§ YOUR INSTRUCTIONS
Set the data down again, exactly as it reads, but without the pictures.
(DATA EXTRACT begins)
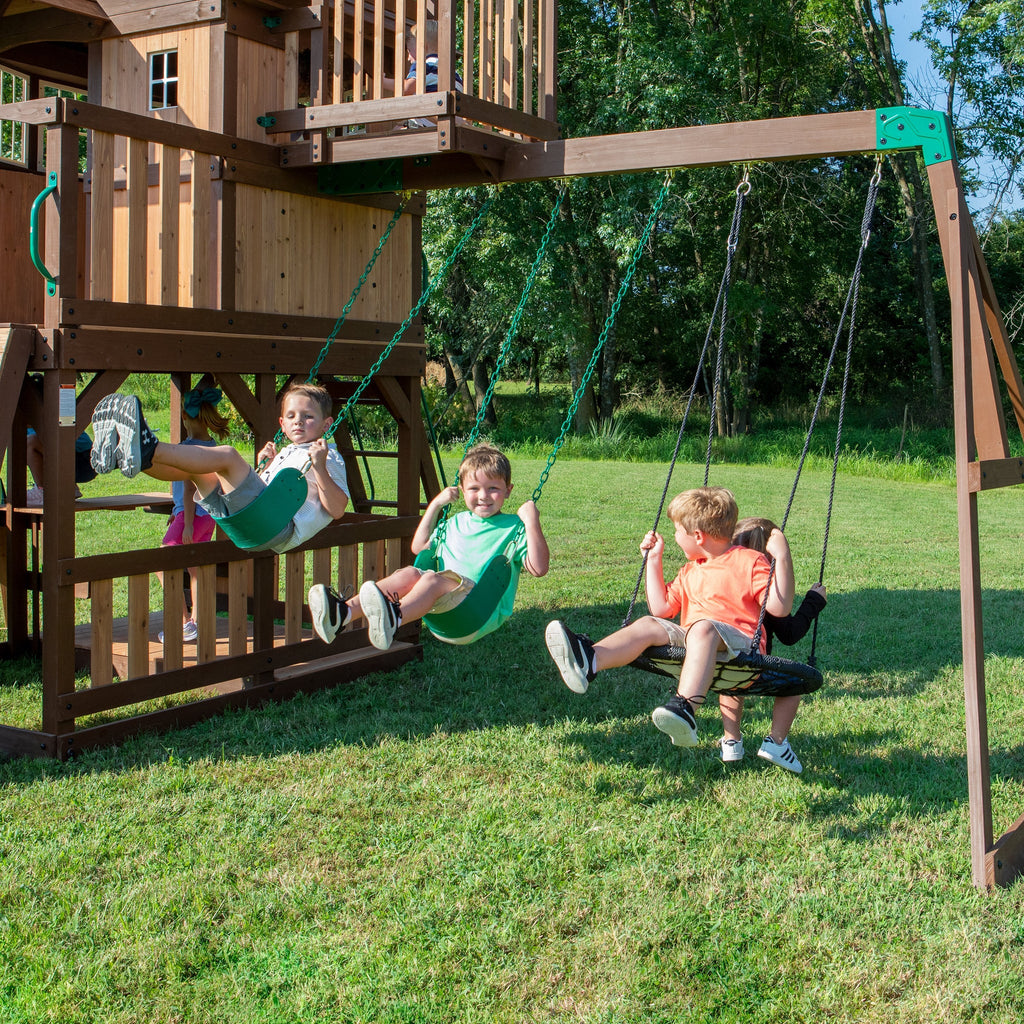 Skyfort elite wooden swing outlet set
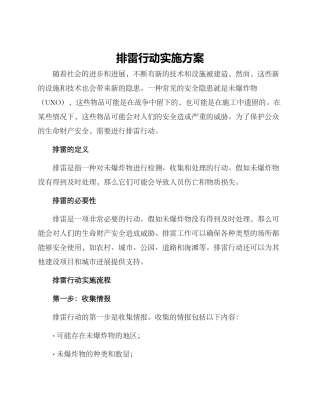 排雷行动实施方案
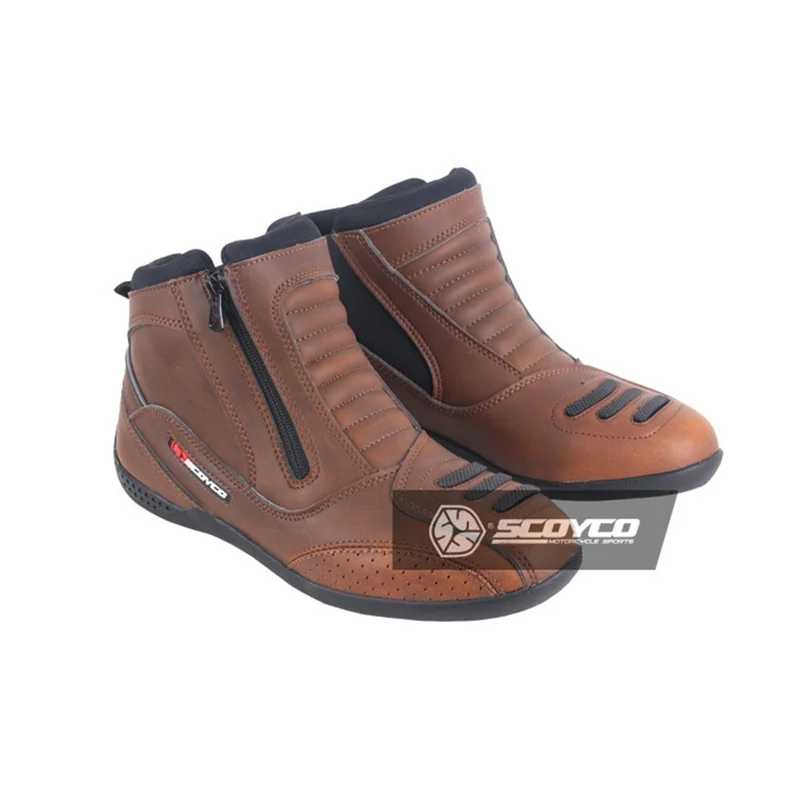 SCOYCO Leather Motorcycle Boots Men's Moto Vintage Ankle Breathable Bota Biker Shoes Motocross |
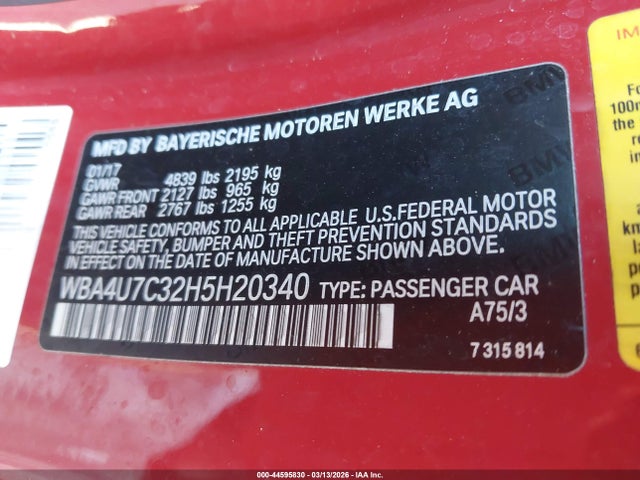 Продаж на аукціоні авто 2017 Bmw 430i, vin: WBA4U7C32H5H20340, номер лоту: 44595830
(DATA EXTRACT ends)
§ ANSWER SECTION
 Skyfort elite wooden swing outlet set
 排雷行动实施方案
 SCOYCO Leather Motorcycle Boots Men's Moto Vintage Ankle Breathable Bota Biker Shoes Motocross |
 Продаж на аукціоні авто 2017 Bmw 430i, vin: WBA4U7C32H5H20340, номер лоту: 44595830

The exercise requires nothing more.